Antarctica Lost More Ice in Last 10 Years - Study
US: January 15, 2008
WASHINGTON - Antarctica lost billions of tonnes of ice over the last decade,
contributing to the rising seas around the world, a climate researcher said
on Monday.
The ice melted from two particular parts of the southern continent,
according to Eric Rignot and colleagues, who wrote about the phenomenon in
the journal Nature Geoscience.
Using satellites to monitor most of Antarctica's coastline, the scientists
estimate that West Antarctica lost 132 billion tonnes of ice in 2006,
compared to about 83 billion tonnes in 1996. The Antarctic Peninsula, which
stretches toward South America, lost about 60 billion tonnes in 2006.
To put this in perspective, 4 billion tonnes of ice would be enough to
provide drinking water to the more than 60 million people of the United
Kingdom for a year, fellow author Jonathan Bamber of the University of
Bristol said in a statement.
This ice loss is not from the so-called ice sheets that cover the water
around the continent. This melting occurred in the glaciers that cover much
of the Antarctic land mass, and when that melts, it contributes to sea level
rise in a way that sea ice does not.
"One immediate consequence (of the melting Antarctic ice) is to raise sea
level," Rignot, of the Jet Propulsion Laboratory, said in an e-mail
interview.

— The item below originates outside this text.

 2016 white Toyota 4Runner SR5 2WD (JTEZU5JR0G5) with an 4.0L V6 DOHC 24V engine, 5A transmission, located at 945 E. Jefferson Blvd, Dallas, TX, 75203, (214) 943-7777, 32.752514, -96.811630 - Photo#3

Antarctica's contribution to global sea level rise was about 0.02
inch (0.5 mm) in 2006, compared to about 0.01 inch (0.3 mm) in 1996.

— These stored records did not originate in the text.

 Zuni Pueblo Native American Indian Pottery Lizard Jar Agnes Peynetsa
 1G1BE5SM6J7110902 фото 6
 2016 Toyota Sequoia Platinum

Rignot noted that the UN Intergovernmental Panel on Climate Change figured
Antarctica would not contribute at all to sea level rise, and in fact
predicted a growth of the big ice sheet the covers much of the continent
from enhanced precipitation.
This prediction was supposed to come from increased evaporation from the
oceans as the planet warmed up, but this has not been observed so far in
Antarctica, Rignot said.
"In some regions the ice sheet is close to warm sources of water. ... The
parts of Antarctica we are seeing change right now are closest to these heat
sources," he said.
These findings are in line with what is happening to the Greenland ice
sheet, which melted at a record rate last year, and with studies of Arctic
sea ice, which ebbed to its lowest level ever measured in 2007.
A study last week by researchers at the University of Colorado at Boulder
found that older, thicker Arctic sea ice that lasts from year to year is
giving way to younger, thinner sea ice that is more susceptible to melting.